Government Contracting and Public Records/Sunshine Laws
Generally, government agencies, such as the state of Florida, counties, and municipalities, must administer a public solicitation process before awarding contracts for goods and services. Projects are usually publicly advertised, and offers are procured through vehicles such as invitations for bid, requests for proposals, requests for quotations, and invitations to negotiate. Under the amendments discussed in this article, these are now known as “competitive solicitations.”7 The competitive solicitations are then reviewed by vendors who may respond by providing the information requested. The government agency, often through a selection or evaluation committee, then compares the responses against the evaluation criteria and ranks the bidders or proposers. Thereafter, the agency will generally issue a notice of intended award.

Once the intended award is posted, bidders or proposers who were not top-ranked may seek to protest the agency’s intended decision. The protest may be based on a number of grounds. For example, there may be mistakes or inconsistencies by the awarding agency, missing information, or other issues relating to responsiveness and responsibility in the winning bid or proposal.8 Generally, the protestor must show that the proposed agency action in selecting the top-ranked vendor was “clearly erroneous, contrary to competition, arbitrary, or capricious.”9

During the solicitation process (before the ranking), an agency may conduct a formal “opening” of the responses received. This means that the agency will physically open the sealed bids after the submittal deadline. It is typical for agencies to provide notice of the “opening,” so that other bidders and the public may attend. The agency may announce what bids or proposals have been received, and perhaps discuss the characteristics of each, such as price. In addition to evaluating the written submissions, agencies may require bidders or proposers to make oral presentations to a selection committee. During the presentations, bidders or proposers may provide materials to the committee and may respond to questions posed by the committee members. These committees may also meet to discuss contract negotiation and strategy.

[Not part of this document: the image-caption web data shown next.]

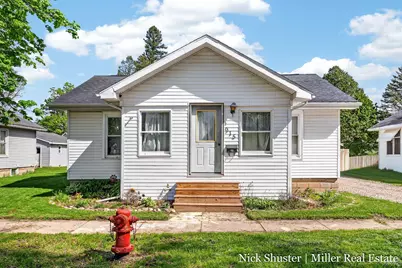 915 E Madison Street, Hastings, MI 49058 - Photo 1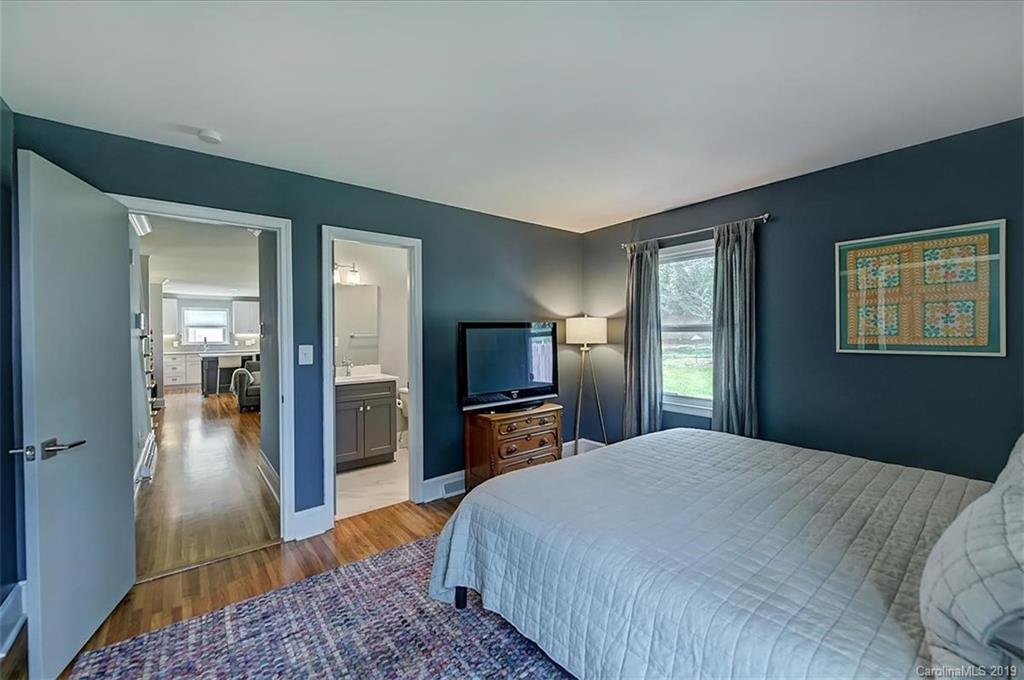 541 Sandridge Road Charlotte, NC 28210 - Photo 18 of 35 Gallery Image 18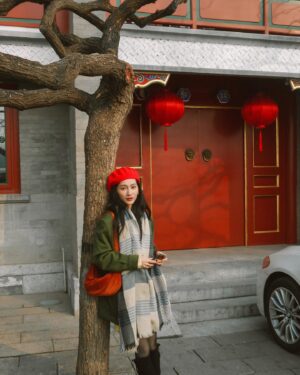 Lilli Lin Instagram - 🏮🐲❤️‍🔥
第一張說好跟三個保安拍照的⋯小哥哥人呢？

看著湖面結冰倒映著兩旁的樹木
冬天的陽光混進乾冷的空氣
霧濛濛配上色彩鮮明的中式建築
穿梭胡同聽著熙來攘往此起彼落
叫賣聲、拉車聲、街邊賣藝的二胡⋯
哈個氣，霧氣繚繞
撥開手中冒著煙，暖呼呼的包子
幸～福～啊～🥹
北京有著自己的濾鏡，很神奇

First time in Beijing, getting lost in the city vibes! Exploring those narrow hutong streets and savoring every bit of this unique experience.
#LilliOnVacation #BeijingDebut #UrbanAdventure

Before passage of the amendments, meetings of an agency’s committee or team charged with conducting oral presentations and negotiating contract terms were required to be open to the public, including to competing bidders or proposers.10 If these meetings were closed to the public, and an award was made, that award could be void.11

Further, before the amendments, F.S. Ch. 119, the Public Records Act, mandated that bids and proposals were open to public inspection and copying at the time of a notice of a decision or intended decision, or within 10 days after the bid or proposal was opened by the procuring agency, whichever was earlier.

The 2011 Amendments
First, Florida’s constitution guarantees the public’s right to have access to government records and meetings. Article I, §24 states:

Every person has the right to inspect or copy any public record made or received in connection with the official business of any public body, officer, or employee of the state, or persons acting on their behalf, except with respect to records exempted pursuant to this section or specifically made confidential by this [c]onstitution.12

All meetings of any collegial public body of the executive branch of state government or of any collegial public body of a county, municipality, school district, or special district, at which official acts are to be taken or at which public business of such body is to be transacted or discussed, shall be open and noticed to the public….13

The constitution also allows the legislature to exempt certain records and meetings, or expand those exemptions.14 To accomplish this, both the House and the Senate must pass the exemptions with no less than a two-thirds vote, and the law must “state with specificity the public necessity justifying the exemption and shall be no broader than necessary to accomplish the stated purpose of the law.”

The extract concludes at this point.